Page MenuHomeSoftware Heritage

Survey revisions/releases with partially loaded history
Open, LowPublic

Description

To be able to enable global deduplication of objects in the git loader without mediation via the extid table (and as long as swhids are 1:1 compatible with git identifiers), we need to make sure that the revisions and releases currently in the archive have been properly loaded, with their full history.

We need to survey this, to figure out:

  • how many history holes we have (revision/release objects with parents unknown in the archive)
  • how many history holes we can fix (by reloading a known origin containing the holey object and its parents)
  • whether the remaining history holes would prevent us from turning on global deduplication altogether, or not.

Event Timeline

21:57 guest@softwareheritage => select count(distinct id) from revision_history where not exists (select 1 from revision where id=parent_id);
 count 
───────
  2218
(1 ligne)

That's... much lower than I expected, which is good!

In T3660, @grouss has found many more.
Might be for a different reason (the dataset he analyzed is not the live one), but it's worth a comparison.

You might be interested by what @grouss just opened in T3660
(ah scratched that, zack already mentioned it)

according to the list of nodes provided by seirl there were ~21,000,000 revisions without ancestors according to swh-graph snapshot (2020-12-15)
checking in the current live swh DAG 2 days ago 98% have one in release or snapshot_branch.
indeed I was surprised because I did'nt have to loop over the revision history.

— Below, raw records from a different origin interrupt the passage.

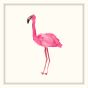 Fancy Flamingo I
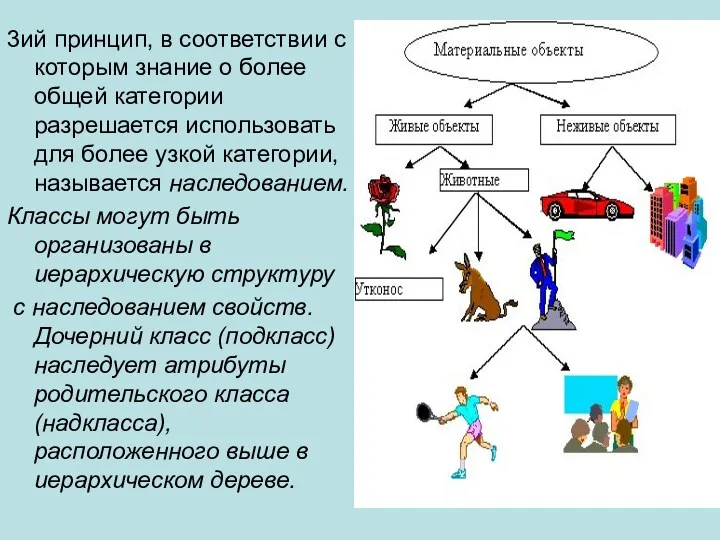 3ий принцип, в соответствии с которым знание о более общей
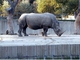 Rinoceronte blanco<br />(Ceratotherium simum)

It means that probably less than 2% (2% is an upper bound) of the ~21 10^6 revisions still have problem, unless it comes from the downstream process

In T3656#72364, @grouss wrote:

according to the list of nodes provided by seirl there were ~21,000,000 revisions without ancestors according to swh-graph snapshot (2020-12-15)

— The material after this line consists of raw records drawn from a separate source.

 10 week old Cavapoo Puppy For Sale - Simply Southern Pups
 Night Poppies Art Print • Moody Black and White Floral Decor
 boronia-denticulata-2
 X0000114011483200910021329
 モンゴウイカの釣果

Note that we are comparing different things here.

@olasd query is about the number of revisions that have a (declared) ancestor in the history graph, that cannot be found in the archive.
@grouss/@seirl numbers above are about the revisions that do not have a declared ancestor at all.

For instance, all initial commit in any given git repository will not appear in @olasd count, while they do appear in @grouss count.

effort : low

  • quantify the “hole” problem which prevents us to do T3655 altogether

Looks like the number of affected revisions is fluctuating a bit:

zcat revisions_missing_parent_20200123.gz | wc -l
1143

zcat revisions_missing_parent_20220125.gz | wc -l
5427

zcat revisions_missing_parent_20220401.gz | wc -l
4954

Some objects have come and gone between the different snapshots of the issue, so it's clear that the fluctuation is caused by our loading revisions in an arbitrary order in the git loader rather than a more systemic problem : some in-flight revisions might show the issue temporarily.

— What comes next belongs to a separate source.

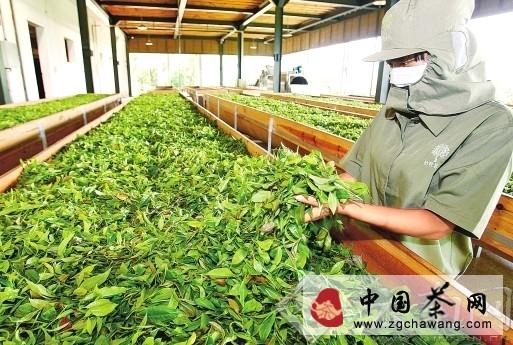 有关于云南春茶量增价涨质优 茶农春茶总收入达22.96亿元的最新消息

Loading git revisions in topological order (T3654) would ensure that "in-flight" revisions don't show the problem anymore, leaving only historically broken revisions behind.

It's still just a handful of revisions, so, as long as we do the topological sorting, and we make sure that this check is integrated in the scrubber, the number will go down, and I'll be fairly comfortable doing a global deduplication in all git origins using all the objects in the archive.